The rest of the captures correspond to the rest of the capture groups, i.e. the sub-expressions.

type charclass[link]

Show undocumented member

type charclass = enum {
	ALNUM,
	ALPHA,
	BLANK,
	CNTRL,
	DIGIT,
	GRAPH,
	LOWER,
	PRINT,
	PUNCT,
	SPACE,
	UPPER,
	XDIGIT,
};

type charset[link]

Show undocumented member

type charset = [](charset_lit_item | charset_range_item | charset_class_item);

type charset_class_item[link]

Show undocumented member

type charset_class_item = *fn(c: rune) bool;

type charset_lit_item[link]

Show undocumented member

type charset_lit_item = rune;

type charset_range_item[link]

Show undocumented member

type charset_range_item = (u32, u32);

type inst[link]

Show undocumented member

type inst = (inst_lit | inst_any | inst_split | inst_jump | inst_skip | inst_match | inst_charset | inst_groupstart | inst_groupend | inst_repeat);

type inst_any[link]

Show undocumented member

type inst_any = void;

type inst_charset[link]

Show undocumented member

type inst_charset = struct {
	idx: size,
	is_positive: bool,
};

type inst_groupend[link]

Show undocumented member

type inst_groupend = void;

type inst_groupstart[link]

Show undocumented member

type inst_groupstart = void;

type inst_jump[link]

Show undocumented member

type inst_jump = size;

type inst_lit[link]

Show undocumented member

type inst_lit = rune;

type inst_match[link]

Show undocumented member

type inst_match = bool;

type inst_repeat[link]

Show undocumented member

type inst_repeat = struct {
	id: size,
	origin: size,
	min: (void | size),
	max: (void | size),
};

type inst_skip[link]

Show undocumented member

type inst_skip = void;

type inst_split[link]

Show undocumented member

type inst_split = size;

type regex[link]

Show undocumented member

type regex = struct {
	insts: []inst,
	charsets: []charset,
	n_reps: size,
};

Errors

type error[link]

type error = !str;

An error string describing a compilation error.

Functions

fn compile[link]

fn compile(expr: str) (regex | error);

Compiles a regular expression string into a regex.

fn find[link]

fn find(re: *regex, string: str) result;

Attempts to match a regex against a string and returns the longest leftmost match as a result. The caller must free the return value with result_free.

fn findall[link]

fn findall(re: *regex, string: str) []result;

Attempts to match a regex against a string and returns all non-overlapping matches as a slice of results. The caller must free the return value with result_freeall.

fn finish[link]

fn finish(re: *regex) void;

Frees resources associated with a regex.

fn rawreplace[link]

fn rawreplace(re: *regex, string: str, targetstr: str) str;

Replaces all non-overlapping matches of a regular expression against a string with 'targetstr'. 'targetstr' is isn't interpreted in any special way; all backslashes are treated literally. The caller must free the return value.

fn rawreplacen[link]

fn rawreplacen(re: *regex, string: str, targetstr: str, n: size) str;

Replaces up to 'n' non-overlapping matches of a regular expression against a string with 'targetstr', in the same manner as rawreplace. The caller must free the return value.

fn replace[link]

fn replace(re: *regex, string: str, targetstr: str) (str | error);

Replaces all non-overlapping matches of a regular expression against a string with 'targetstr'.
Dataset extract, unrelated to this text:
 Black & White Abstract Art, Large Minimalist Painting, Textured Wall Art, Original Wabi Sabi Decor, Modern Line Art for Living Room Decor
A backslash followed by a single decimal number within 'targetstr' is replaced by the capture at that index (starting at 1), or an empty string if no such capture exists. For example, `\1` is replaced with the first capture, `\2` with the second, etc. `\0` is substituted with the entire substring that was matched. `\\` is replaced with a literal backslash. The caller must free the return value.
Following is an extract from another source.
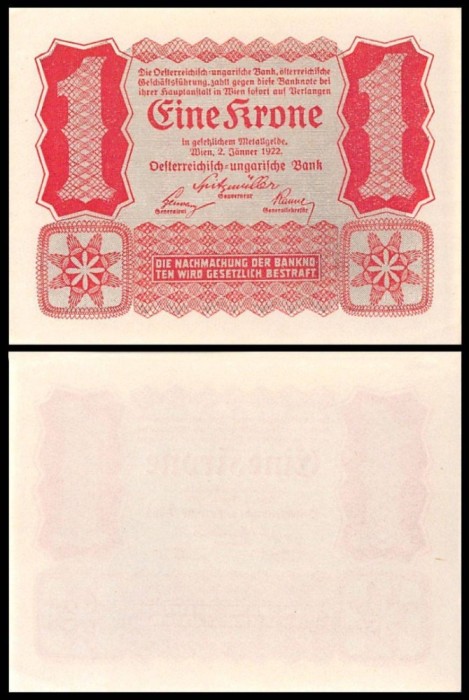 Austria 1922 - 1 krone UNC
An error is only returned if 'targetstr' isn't formatted correctly.

fn replacen[link]

fn replacen(re: *regex, string: str, targetstr: str, n: size) (str | error);

Replaces up to 'n' non-overlapping matches of a regular expression against a string with 'targetstr', in the same manner as replace. The caller must free the return value.

fn result_free[link]

fn result_free(s: result) void;

Frees a result.

fn result_freeall[link]

fn result_freeall(s: []result) void;

Frees a slice of results.

fn strerror[link]

fn strerror(err: error) str;

Converts an error into a user-friendly string.

fn test[link]

fn test(re: *regex, string: str) bool;

Returns whether or not a regex matches any part of a given string.